Rare Disease Report

Heartfelt Words from a Special Needs Mom

SEPTEMBER 19, 2017
Karen Royce
After 18 years, I finally had a moment to write some heartfelt words about Trevor, my son who has alternating hemiplegia of childhood (AHC).

I've wanted to write something about being Trevor's mom for a long time, but wasn't sure where to even start. I am ready now to share these words with the hope that they will help people understand what it truly means to have a special needs child.

Like any good story, let’s start at the beginning:

Of being a first time mom.

When your newborn has his first ambulance ride at 1 day old; (Doctors thought that he had a brain bleed when he was first born).

Overwhelming Fear
When I had to stay in the hospital as my child was taken by ambulance to a different hospital for testing.

When nothing was found to be wrong with him at that time, the sense of relief was so wonderful.  

The next two years were a constant roller coaster of doctors appointments, plane rides to the hospital, testing and more testing, spinal taps, tubes and wires placed everywhere. After a year and a half of disorganization and few answers, I went home to Oregon and it was there that we received the proper AHC diagnosis. Until that point, he had been misdiagnosed with seizures of unknown origin and treated with medicine that would affect him for the rest of his life.

You develop a routine that works for you in the moments in which life presents you with challenges. With Trevor, routine was welcome – especially when sudden changes in the routine, like lighting, excitement, temperature changes, etc. caused him to have ‘episodes.’ In these episodes, his body would become paralyzed on one or both sides.

People that stood by you are now gone, and the emotional toll of being a mom with an intensive child is too much for many people to fully understand. They have their own lives to lead.

I learned to cope and live my life through Trevor and his needs. I will do anything for my child and I became his advocate in all aspects of his life.

When you are the parent to a special needs child, statistics indicate that your child will only live 4 or 5 years and with this comes…

I will do anything to keep him alive!

With every seizure, respiratory arrest, medivac, and painful episode, I struggle with not wanting to lose my child, while knowing that one more day means more pain for him.
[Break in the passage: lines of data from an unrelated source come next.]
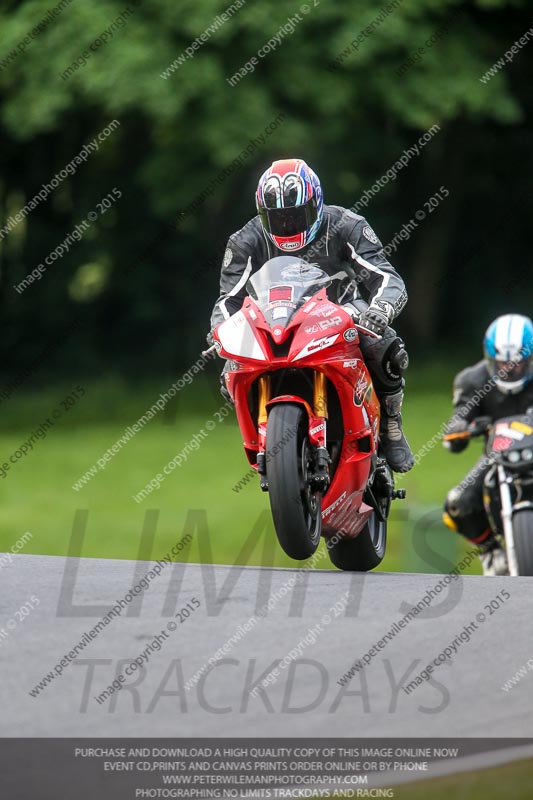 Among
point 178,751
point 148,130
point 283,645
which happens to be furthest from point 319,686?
point 148,130

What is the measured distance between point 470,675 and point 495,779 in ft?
2.83

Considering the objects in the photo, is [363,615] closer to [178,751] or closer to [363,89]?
[178,751]

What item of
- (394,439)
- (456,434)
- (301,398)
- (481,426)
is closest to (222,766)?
(301,398)

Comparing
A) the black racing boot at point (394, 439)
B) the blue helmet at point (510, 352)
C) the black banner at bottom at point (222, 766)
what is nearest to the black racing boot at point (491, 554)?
the blue helmet at point (510, 352)

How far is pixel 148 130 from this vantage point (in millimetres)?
28188

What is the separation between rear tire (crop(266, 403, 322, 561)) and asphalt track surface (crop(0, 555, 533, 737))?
0.90 ft

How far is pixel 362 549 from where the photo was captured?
7793 mm

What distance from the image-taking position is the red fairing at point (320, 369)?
6496 mm

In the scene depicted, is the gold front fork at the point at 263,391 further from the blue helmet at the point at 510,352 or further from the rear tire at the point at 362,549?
the blue helmet at the point at 510,352

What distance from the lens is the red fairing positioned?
21.3 ft

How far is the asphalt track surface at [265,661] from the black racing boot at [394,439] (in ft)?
3.56

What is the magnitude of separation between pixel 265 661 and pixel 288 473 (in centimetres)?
140

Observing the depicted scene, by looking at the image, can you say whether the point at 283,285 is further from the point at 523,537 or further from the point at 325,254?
the point at 523,537

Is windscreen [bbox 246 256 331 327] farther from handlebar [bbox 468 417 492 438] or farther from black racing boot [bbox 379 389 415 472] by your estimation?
handlebar [bbox 468 417 492 438] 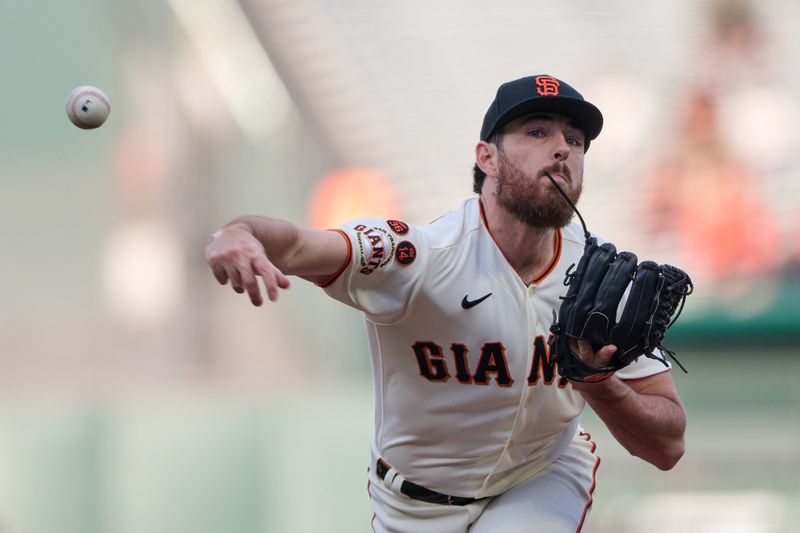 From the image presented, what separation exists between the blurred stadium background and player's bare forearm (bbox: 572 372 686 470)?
14.1 feet

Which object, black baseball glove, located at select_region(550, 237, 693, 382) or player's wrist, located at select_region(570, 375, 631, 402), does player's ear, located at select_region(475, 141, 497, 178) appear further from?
player's wrist, located at select_region(570, 375, 631, 402)

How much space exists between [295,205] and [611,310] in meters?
5.98

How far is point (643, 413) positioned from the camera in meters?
3.36

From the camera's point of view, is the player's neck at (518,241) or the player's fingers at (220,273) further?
the player's neck at (518,241)

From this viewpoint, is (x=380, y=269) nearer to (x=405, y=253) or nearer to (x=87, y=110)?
(x=405, y=253)

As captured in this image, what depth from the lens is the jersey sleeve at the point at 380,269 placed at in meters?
3.15

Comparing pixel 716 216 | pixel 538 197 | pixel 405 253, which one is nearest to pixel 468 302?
pixel 405 253

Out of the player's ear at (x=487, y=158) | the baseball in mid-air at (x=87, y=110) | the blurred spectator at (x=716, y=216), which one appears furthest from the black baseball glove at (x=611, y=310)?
the blurred spectator at (x=716, y=216)

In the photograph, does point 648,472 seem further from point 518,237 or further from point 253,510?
point 518,237

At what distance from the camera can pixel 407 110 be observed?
914 cm

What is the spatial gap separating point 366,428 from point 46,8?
450 centimetres

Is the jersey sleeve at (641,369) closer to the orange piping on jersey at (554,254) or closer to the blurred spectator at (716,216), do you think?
the orange piping on jersey at (554,254)

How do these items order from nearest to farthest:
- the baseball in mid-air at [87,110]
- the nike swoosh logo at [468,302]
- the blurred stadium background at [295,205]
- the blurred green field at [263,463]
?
the nike swoosh logo at [468,302]
the baseball in mid-air at [87,110]
the blurred green field at [263,463]
the blurred stadium background at [295,205]

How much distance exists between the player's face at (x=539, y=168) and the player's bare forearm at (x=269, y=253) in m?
0.59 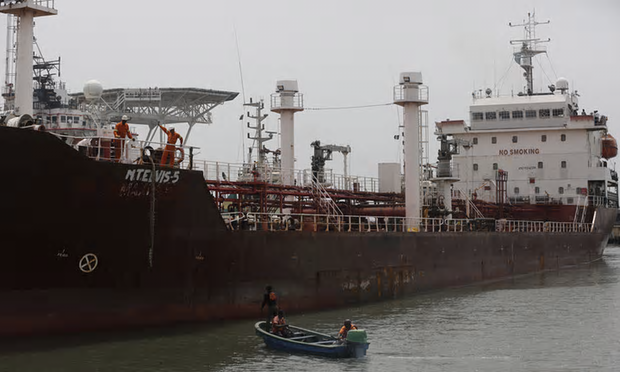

You are alone most of the day and most of your decisions are based on instinct since doctors do not have the answers. You have very few friends that have held on for the ride of your life.

You spend so many hours, day, minutes of your life in tears not knowing which way to go, to whom to turn, or what the real answer is.

No matter what decision you make, how heartbreaking it is, you will be judged – by fake friends and other people who have no idea what you go through daily. They will judge and talk about you behind your back, and it really hurts.  You try to not let it hurt you, but it does. Even doctors will accuse you of stressing their staff and nurses like you have the choice to change any of this.

You are committed to do whatever it takes to give your child the best life possible. You are his mom and he is your priority. He is your amazing first born child, your little guy, and your son.

No matter what, you will love him forever! You will do everything to surround him with love.

Every minute, every day, every night you pray for a cure for AHC; that somehow your son will be okay. That you will never again hear the nurses say, “we are starting CPR if his heart rate doesn't change” or “we are having trouble ventilating him” or “he is seizing again despite all the meds” or “the next time we may not be able to save him”. You pray you can do this and that you can remain strong. That you are not alone on those worst minutes of your life, that God is listening no matter what. That you can hold on for as long as you get to hold your son.

You are so thankful for the time you have with him, and for each day. You are thankful for that person that took the time to give you a hug, because you needed that more than anything in that moment.

When it comes to asking for help, moms are the worst. My focus is on our child, so if you want to help, just ask. If we need help, we will not ask for it because we are exhausted, overwhelmed and in that moment even asking for help is too much.

My words end here, but there are so many more. Please, take the time, when you see a special needs parent, help him or her if it’s needed. Don't judge. If he or she looks like a hug is needed, then give one. If he or she looks exhausted, it’s probably true.

These parents wanted a child just like anyone else; they didn't ask the child to be special, but in that moment, they wouldn't change a thing.
These children are perfect.

Thank you!
Karen Royce, mom to Trevor with AHC.